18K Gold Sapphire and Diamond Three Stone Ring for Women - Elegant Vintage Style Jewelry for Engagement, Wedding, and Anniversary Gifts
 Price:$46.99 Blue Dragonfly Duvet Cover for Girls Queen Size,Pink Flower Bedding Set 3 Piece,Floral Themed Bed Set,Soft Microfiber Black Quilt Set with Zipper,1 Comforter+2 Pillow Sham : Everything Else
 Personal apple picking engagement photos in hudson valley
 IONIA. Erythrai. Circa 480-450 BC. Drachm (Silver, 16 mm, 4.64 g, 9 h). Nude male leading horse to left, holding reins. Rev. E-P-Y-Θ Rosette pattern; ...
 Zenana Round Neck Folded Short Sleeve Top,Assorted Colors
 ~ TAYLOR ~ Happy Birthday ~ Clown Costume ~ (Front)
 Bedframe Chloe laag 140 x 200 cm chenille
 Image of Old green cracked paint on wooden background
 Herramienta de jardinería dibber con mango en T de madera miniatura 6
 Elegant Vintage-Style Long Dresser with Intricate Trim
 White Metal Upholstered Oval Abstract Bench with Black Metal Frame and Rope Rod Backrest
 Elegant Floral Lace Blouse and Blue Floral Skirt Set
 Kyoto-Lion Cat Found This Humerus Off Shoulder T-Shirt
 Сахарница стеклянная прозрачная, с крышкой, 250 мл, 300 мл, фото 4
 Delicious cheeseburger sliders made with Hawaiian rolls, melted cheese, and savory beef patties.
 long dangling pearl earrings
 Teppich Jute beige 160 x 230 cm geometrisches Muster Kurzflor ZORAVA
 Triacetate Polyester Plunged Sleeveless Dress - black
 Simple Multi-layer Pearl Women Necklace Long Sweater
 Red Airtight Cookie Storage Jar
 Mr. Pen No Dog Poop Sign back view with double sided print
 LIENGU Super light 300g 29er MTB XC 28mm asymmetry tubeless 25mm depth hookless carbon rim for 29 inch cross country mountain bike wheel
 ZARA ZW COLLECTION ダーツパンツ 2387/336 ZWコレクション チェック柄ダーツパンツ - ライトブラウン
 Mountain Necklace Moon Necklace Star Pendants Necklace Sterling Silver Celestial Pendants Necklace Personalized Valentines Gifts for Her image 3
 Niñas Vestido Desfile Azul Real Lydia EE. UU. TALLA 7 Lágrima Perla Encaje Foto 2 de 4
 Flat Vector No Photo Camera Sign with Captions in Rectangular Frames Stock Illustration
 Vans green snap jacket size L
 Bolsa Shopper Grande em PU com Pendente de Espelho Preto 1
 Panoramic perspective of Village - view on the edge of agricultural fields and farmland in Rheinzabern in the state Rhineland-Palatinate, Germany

◆ Brief: Could you set down, exactly as written, the lines above between the one holding "Elegant Floral Lace" and the one holding "Bolsa Shopper Grande", inclusive, and nothing more?

◆ Expected answer:
 Elegant Floral Lace Blouse and Blue Floral Skirt Set
 Kyoto-Lion Cat Found This Humerus Off Shoulder T-Shirt
 Сахарница стеклянная прозрачная, с крышкой, 250 мл, 300 мл, фото 4
 Delicious cheeseburger sliders made with Hawaiian rolls, melted cheese, and savory beef patties.
 long dangling pearl earrings
 Teppich Jute beige 160 x 230 cm geometrisches Muster Kurzflor ZORAVA
 Triacetate Polyester Plunged Sleeveless Dress - black
 Simple Multi-layer Pearl Women Necklace Long Sweater
 Red Airtight Cookie Storage Jar
 Mr. Pen No Dog Poop Sign back view with double sided print
 LIENGU Super light 300g 29er MTB XC 28mm asymmetry tubeless 25mm depth hookless carbon rim for 29 inch cross country mountain bike wheel
 ZARA ZW COLLECTION ダーツパンツ 2387/336 ZWコレクション チェック柄ダーツパンツ - ライトブラウン
 Mountain Necklace Moon Necklace Star Pendants Necklace Sterling Silver Celestial Pendants Necklace Personalized Valentines Gifts for Her image 3
 Niñas Vestido Desfile Azul Real Lydia EE. UU. TALLA 7 Lágrima Perla Encaje Foto 2 de 4
 Flat Vector No Photo Camera Sign with Captions in Rectangular Frames Stock Illustration
 Vans green snap jacket size L
 Bolsa Shopper Grande em PU com Pendente de Espelho Preto 1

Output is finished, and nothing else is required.